Title VII Race Discrimination Claim Dismissal Affirmed; NYC Human Rights Law Claims Improperly Dismissed

In Harge v. City of New York et al, 2022 WL 17481819 (2d Cir. Dec. 7, 2022), the court, inter alia, affirmed the dismissal of plaintiff’s race discrimination claim asserted under Title VII of the Civil Rights Act of 1964.

From the decision:

Here, Harge bases his hostile work environment claim on evidence of monitoring, undesirable work assignments, poor evaluation scores, and his receipt of disciplinary actions for repeated violations of departmental procedure. The district court aptly characterized this evidence as “borderline” with respect to whether it was sufficiently severe or pervasive to sustain his claim. Harge I, 2021 WL 3855305, at *16–17. More importantly, however, the record does not support the claim that this workplace environment was a byproduct of racial animus. See Brown v. Henderson, 257 F.3d 246, 252 (2d Cir. 2001) (“[M]istreatment at work, whether through subjection to a hostile environment or through [other means], is actionable under Title VII only when it occurs because of an employee’s … protected characteristic.”). The record contains evidence of episodic racially biased comments. See JA-917, 938. But, “[f]or racist comments, slurs, and jokes to constitute a hostile work environment, there [generally] must be more than a few isolated incidents of racial enmity[.]” Schwapp v. Town of Avon, 118 F.3d 106, 110 (2d Cir. 1997) (internal quotation marks and citation omitted). The district court did not err in concluding that a reasonable jury, viewing this evidence in its totality, could not find that Harge was subject to a hostile work environment because of his race.
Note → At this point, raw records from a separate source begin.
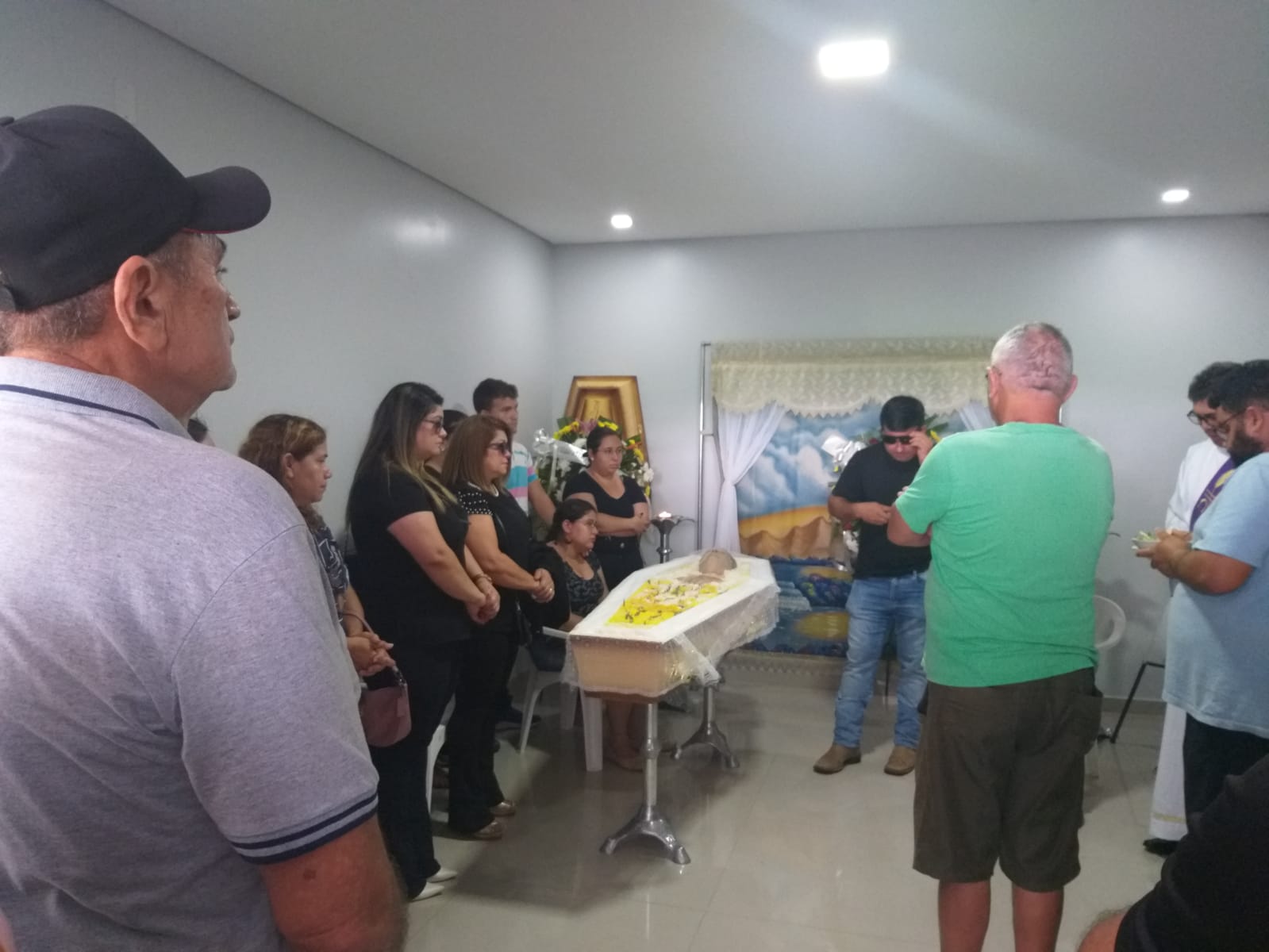 Sogra de secretária que foi morta violentamente em assalto é velada em Rio Branco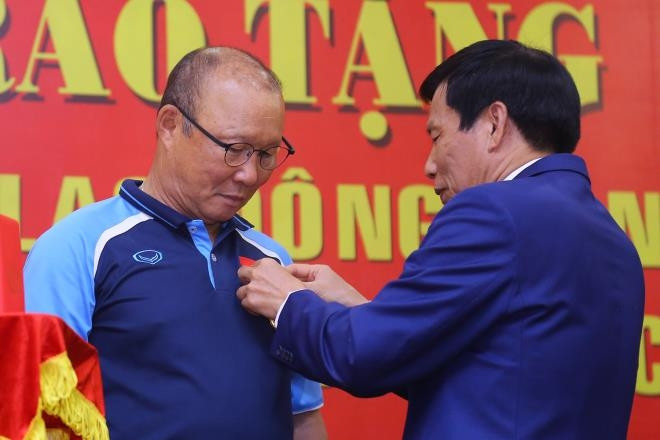 Tròn 3 năm HLV Park Hang Seo dẫn ĐT Việt Nam: Vượt hoài nghi, thành nhà vô địch - 2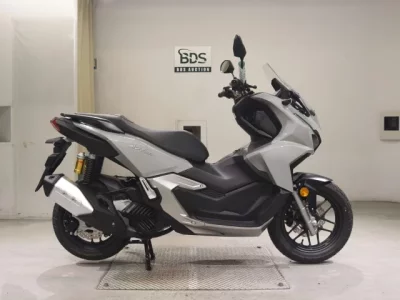 Honda ADV160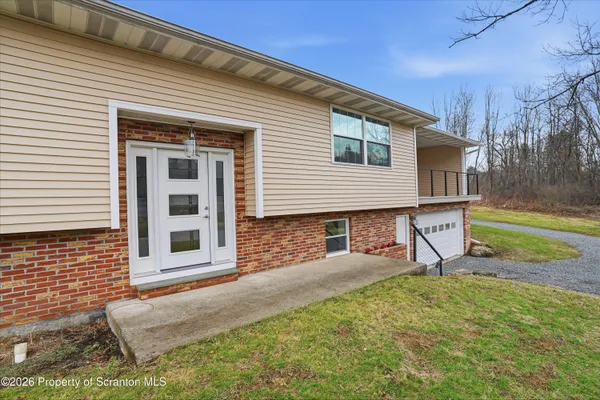 $425,000 | 16204 Highway 407, Factoryville, PA 18419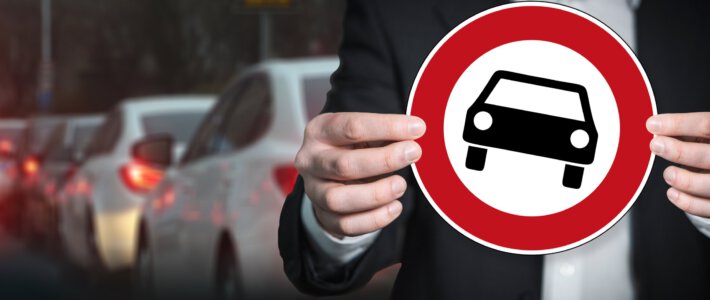 Schweiz halfen nur Pflichtlager aus der Klemme Ein Schilf für ein Fahrverbot und Autos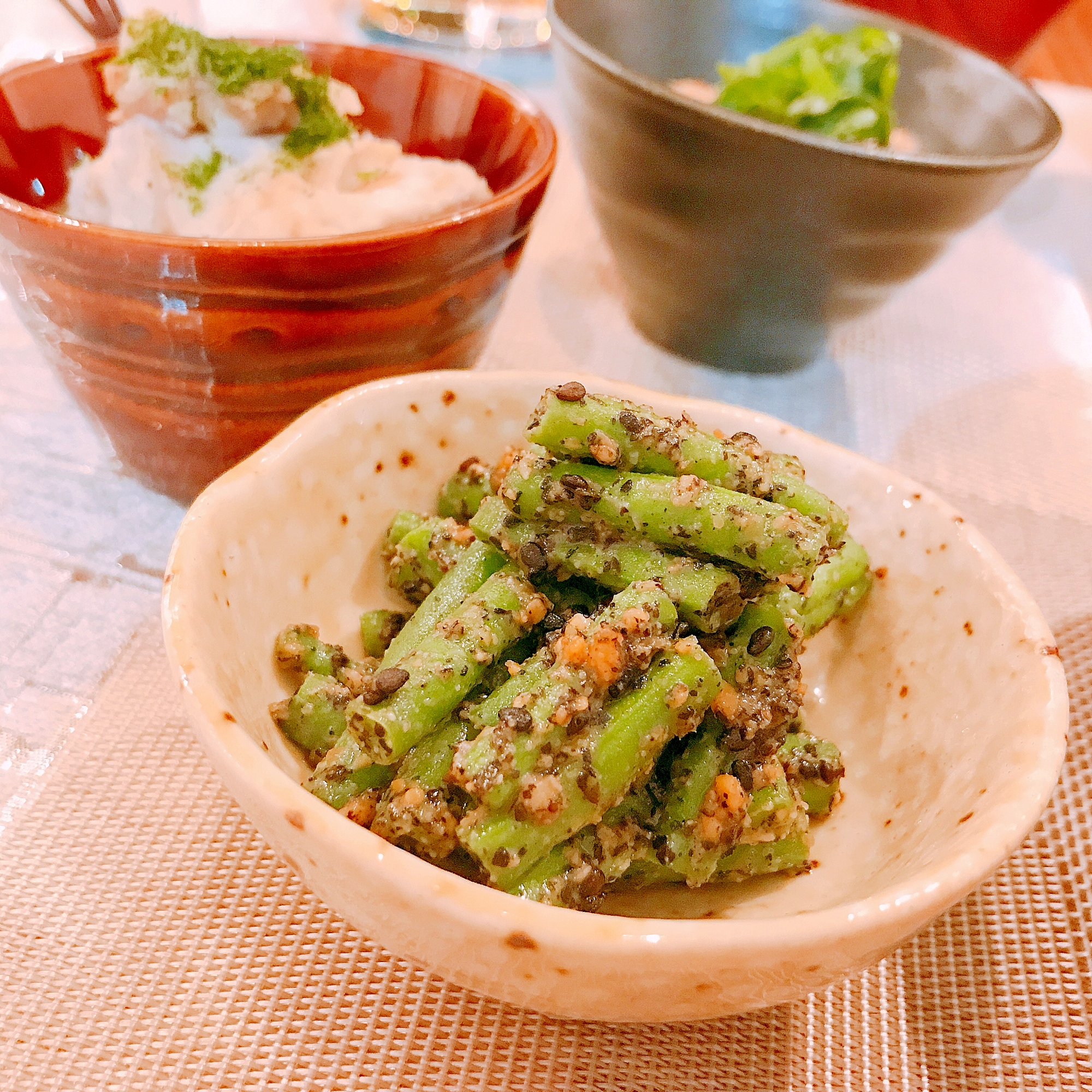 いんげん豆の黒胡麻味噌和え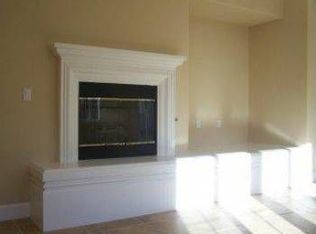 15851 Crescent Park Cir, Lathrop, CA 95330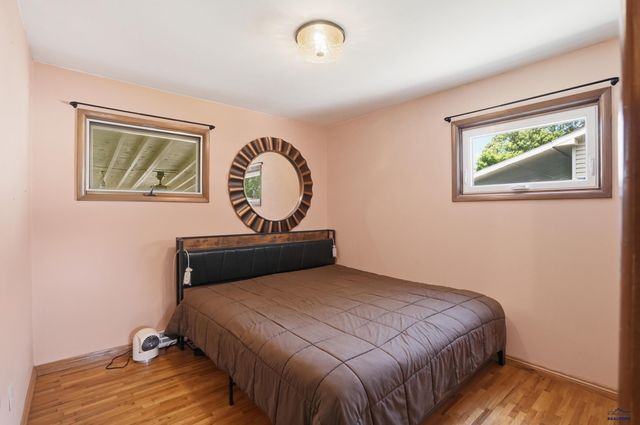 4719 WINDSOR DR, Rapid City, SD 57702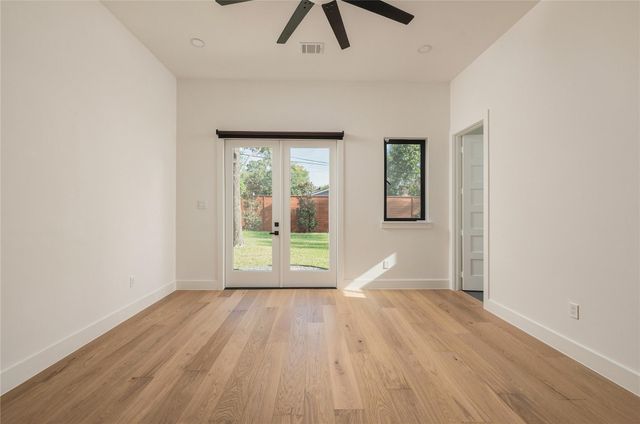 2510 Underwood Street, Houston, TX 77030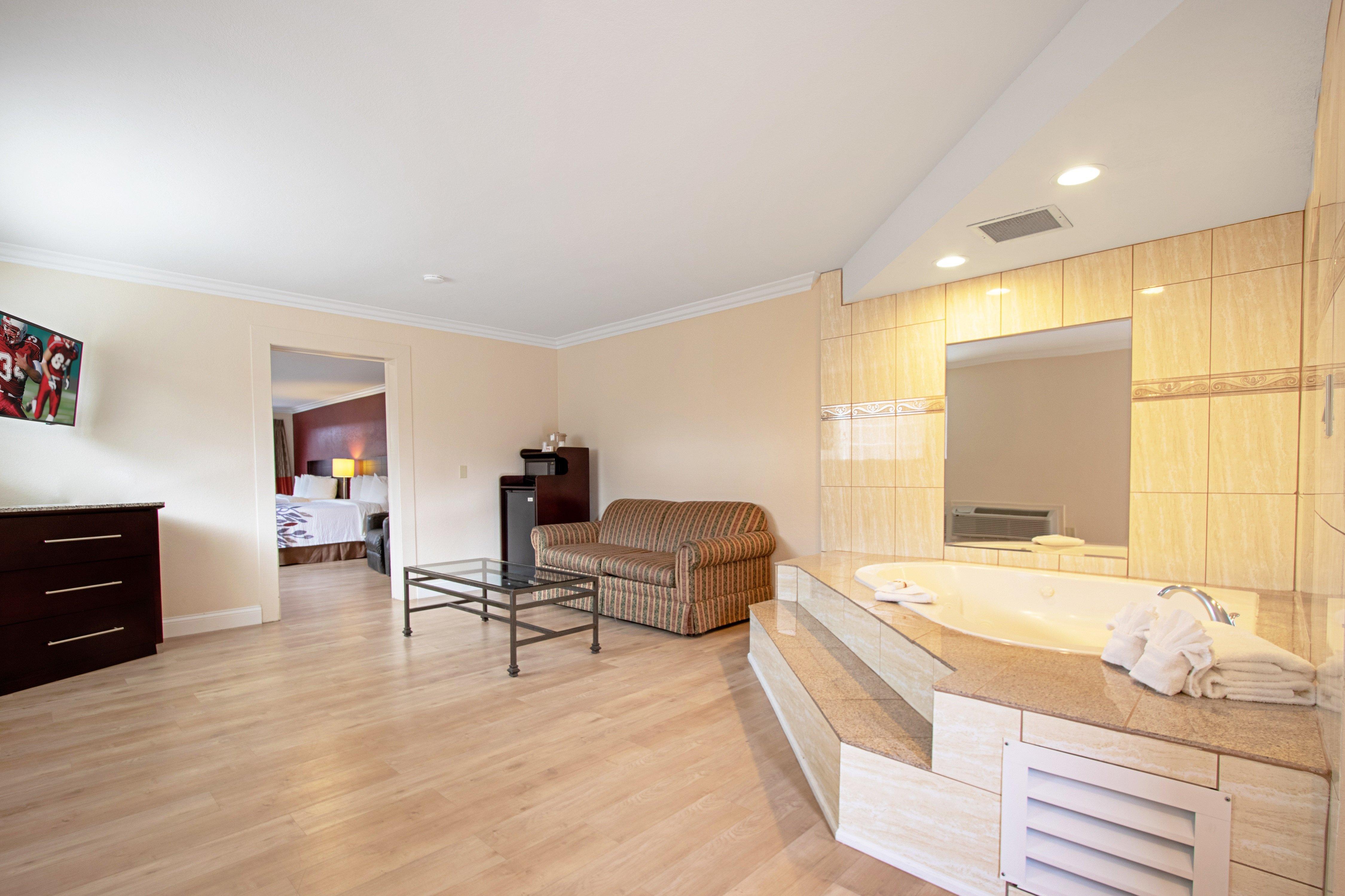 Americas Best Value Inn & Suites Monterey Exterior photo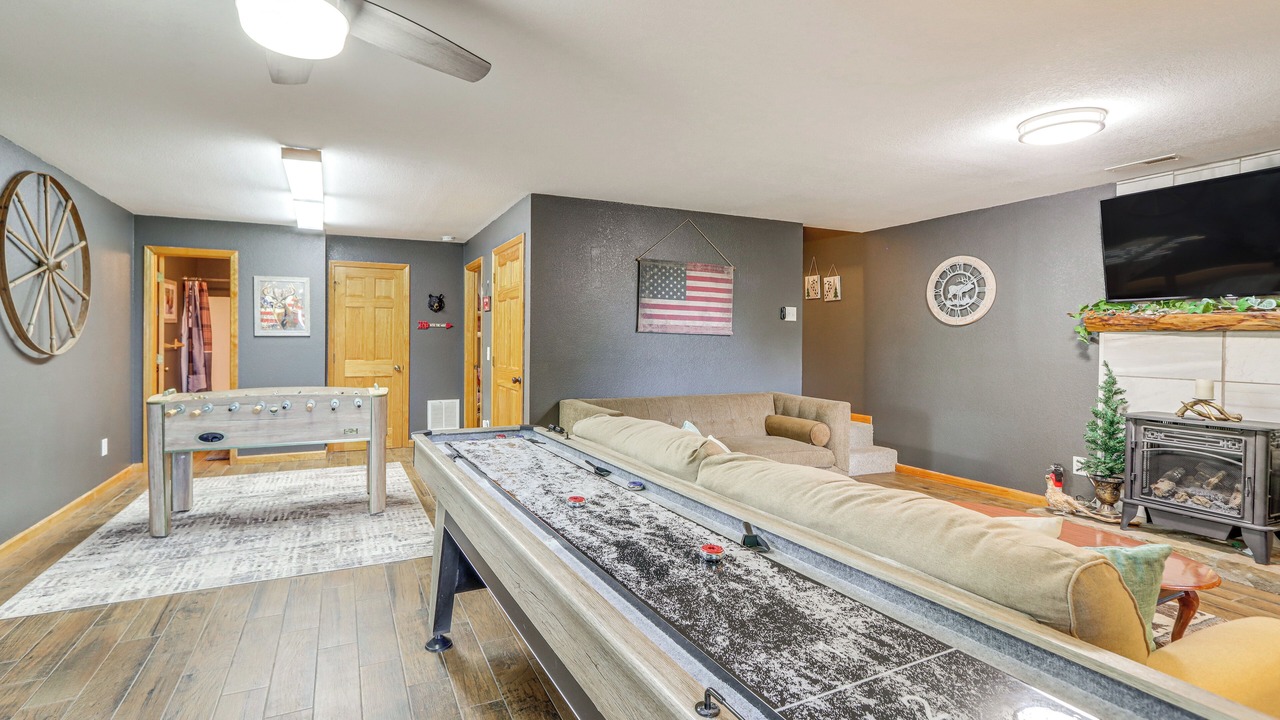 Photo of Livingroom in Murphy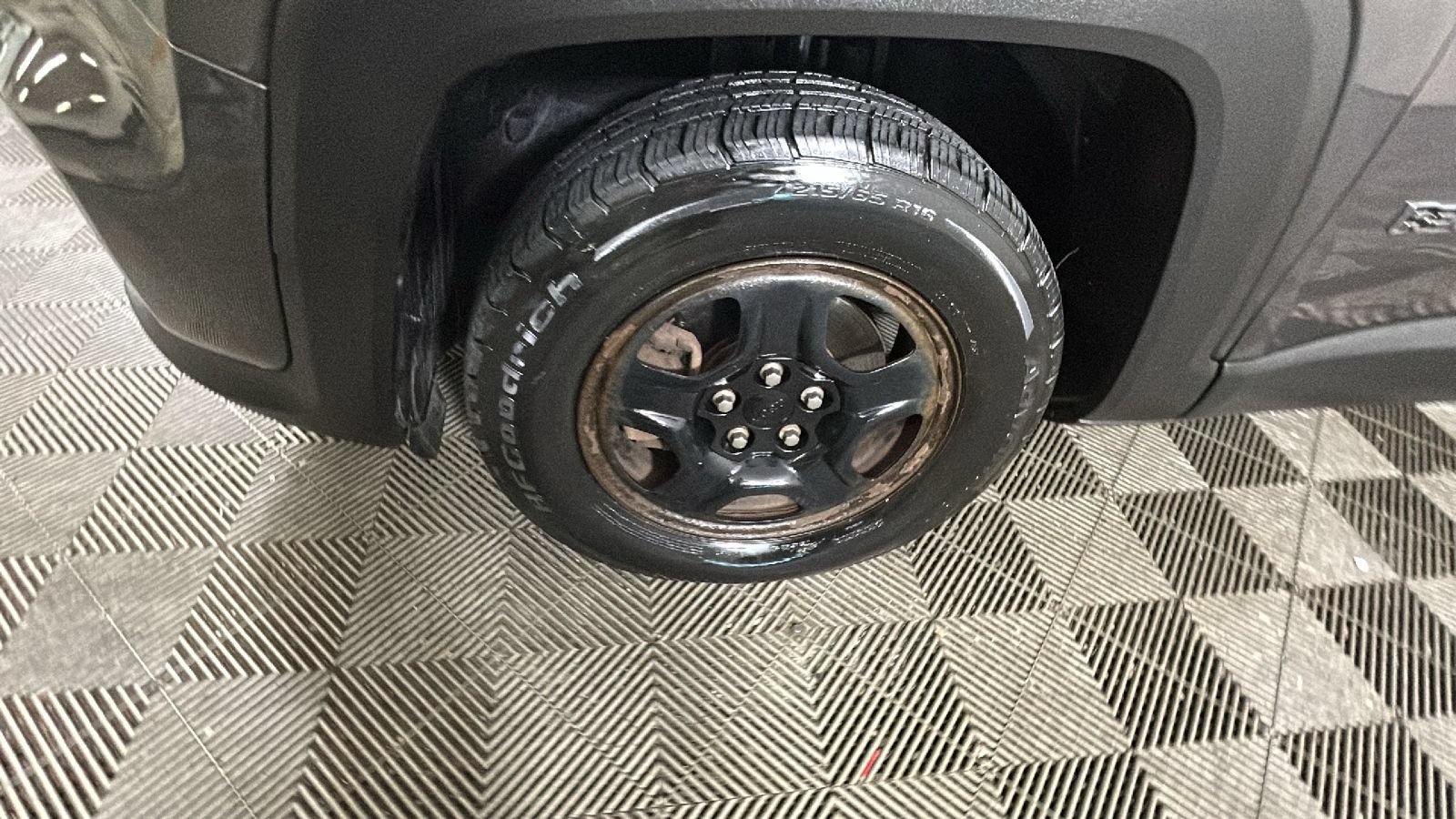 Used 2021 Jeep Renegade Sport FWD image 10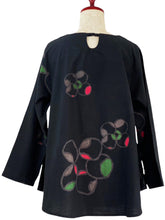 Simple Pullover - Winter Flower Print - Black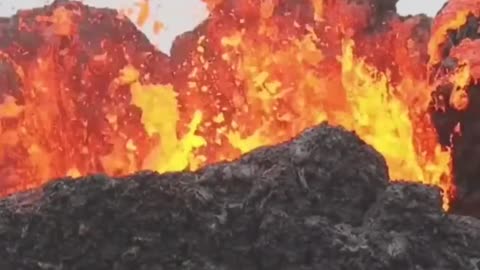 Iceland volcano-tourism🔥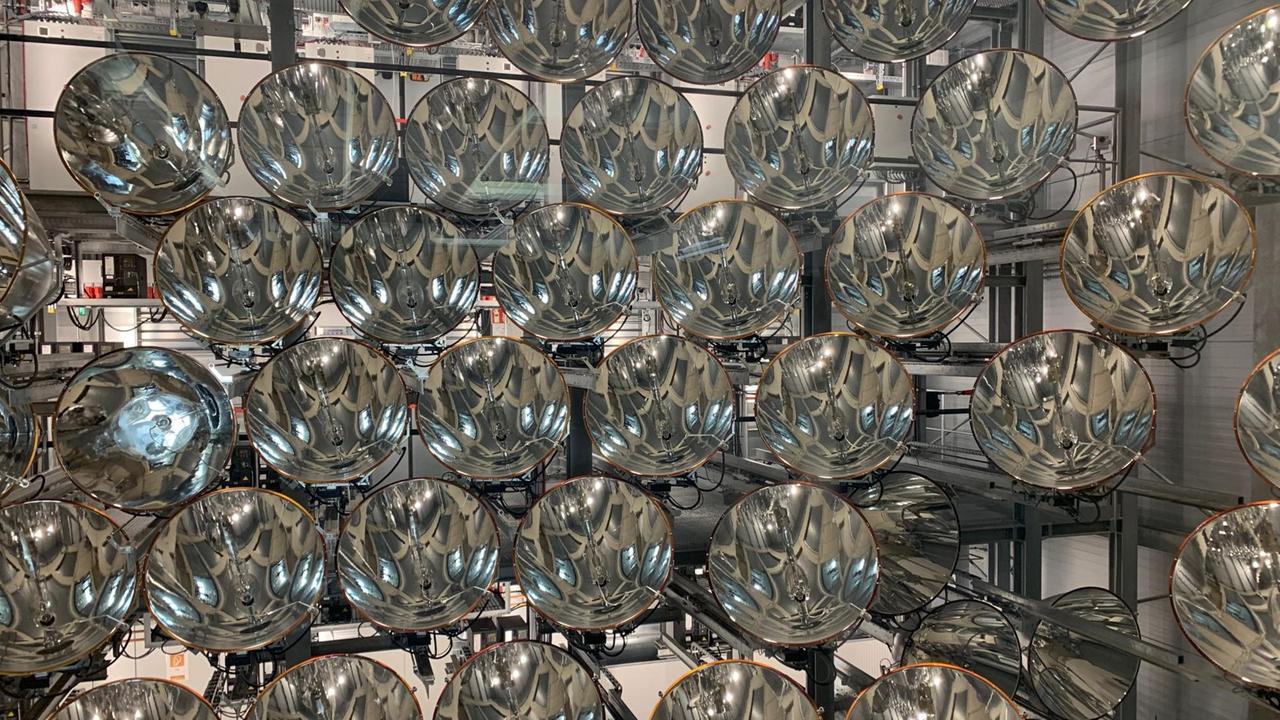 Einige der insgesamt 148 Strahler des Sonnensimulators "Sunlight": Eine einzelne Lampe hat eine elektrische Leistung von 7000 Watt Einige der insgesamt 148 Strahler des Sonnensimulators "Sunlight": Eine einzelne Lampe hat eine elektrische Leistung von 7000 Watt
However, the court determined that the lower court erred by dismissing plaintiff’s claims under the New York City Human Rights Law, in that it improperly “lumped together the federal hostile work environment claim with a possible parallel claim under the NYCHRL, without recognizing that conduct that was insufficiently pervasive to violate federal law might constitute a violation of city law.”

That said, the court remanded plaintiff’s claims to the district court “to dismiss them without prejudice” since “absent a live federal claim, the questions posed by Harge’s city discrimination claims are best left to the courts of the State of New York.”